■ Try it: Could you copy exactly the line that contains "Kona Solid Fabrics - STORM" and every line after it to the end of the records, and nothing more?

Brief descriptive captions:
[Start of section]
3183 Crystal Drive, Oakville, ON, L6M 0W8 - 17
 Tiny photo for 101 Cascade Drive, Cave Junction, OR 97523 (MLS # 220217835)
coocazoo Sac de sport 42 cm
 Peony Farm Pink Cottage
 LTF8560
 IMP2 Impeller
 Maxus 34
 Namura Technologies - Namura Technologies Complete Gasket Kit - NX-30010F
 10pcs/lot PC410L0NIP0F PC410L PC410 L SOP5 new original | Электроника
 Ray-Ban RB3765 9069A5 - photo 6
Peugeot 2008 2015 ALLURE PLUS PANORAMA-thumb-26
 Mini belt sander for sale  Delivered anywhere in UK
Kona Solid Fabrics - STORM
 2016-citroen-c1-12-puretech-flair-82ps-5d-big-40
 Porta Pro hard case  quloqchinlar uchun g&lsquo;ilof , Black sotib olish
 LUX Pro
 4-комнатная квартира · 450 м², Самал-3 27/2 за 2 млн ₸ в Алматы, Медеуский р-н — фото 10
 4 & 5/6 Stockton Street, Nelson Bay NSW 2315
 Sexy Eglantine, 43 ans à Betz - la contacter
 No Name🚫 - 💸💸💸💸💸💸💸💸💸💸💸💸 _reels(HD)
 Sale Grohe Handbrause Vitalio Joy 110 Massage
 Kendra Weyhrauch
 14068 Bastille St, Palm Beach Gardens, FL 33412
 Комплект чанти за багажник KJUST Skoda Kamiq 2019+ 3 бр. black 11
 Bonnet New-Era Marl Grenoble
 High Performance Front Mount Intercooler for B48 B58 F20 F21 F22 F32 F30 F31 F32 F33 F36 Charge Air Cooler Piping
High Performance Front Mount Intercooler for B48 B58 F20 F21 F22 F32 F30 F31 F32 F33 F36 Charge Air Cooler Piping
[End of section]
■ Answer area:
Kona Solid Fabrics - STORM
 2016-citroen-c1-12-puretech-flair-82ps-5d-big-40
 Porta Pro hard case  quloqchinlar uchun g&lsquo;ilof , Black sotib olish
 LUX Pro
 4-комнатная квартира · 450 м², Самал-3 27/2 за 2 млн ₸ в Алматы, Медеуский р-н — фото 10
 4 & 5/6 Stockton Street, Nelson Bay NSW 2315
 Sexy Eglantine, 43 ans à Betz - la contacter
 No Name🚫 - 💸💸💸💸💸💸💸💸💸💸💸💸 _reels(HD)
 Sale Grohe Handbrause Vitalio Joy 110 Massage
 Kendra Weyhrauch
 14068 Bastille St, Palm Beach Gardens, FL 33412
 Комплект чанти за багажник KJUST Skoda Kamiq 2019+ 3 бр. black 11
 Bonnet New-Era Marl Grenoble
 High Performance Front Mount Intercooler for B48 B58 F20 F21 F22 F32 F30 F31 F32 F33 F36 Charge Air Cooler Piping
High Performance Front Mount Intercooler for B48 B58 F20 F21 F22 F32 F30 F31 F32 F33 F36 Charge Air Cooler Piping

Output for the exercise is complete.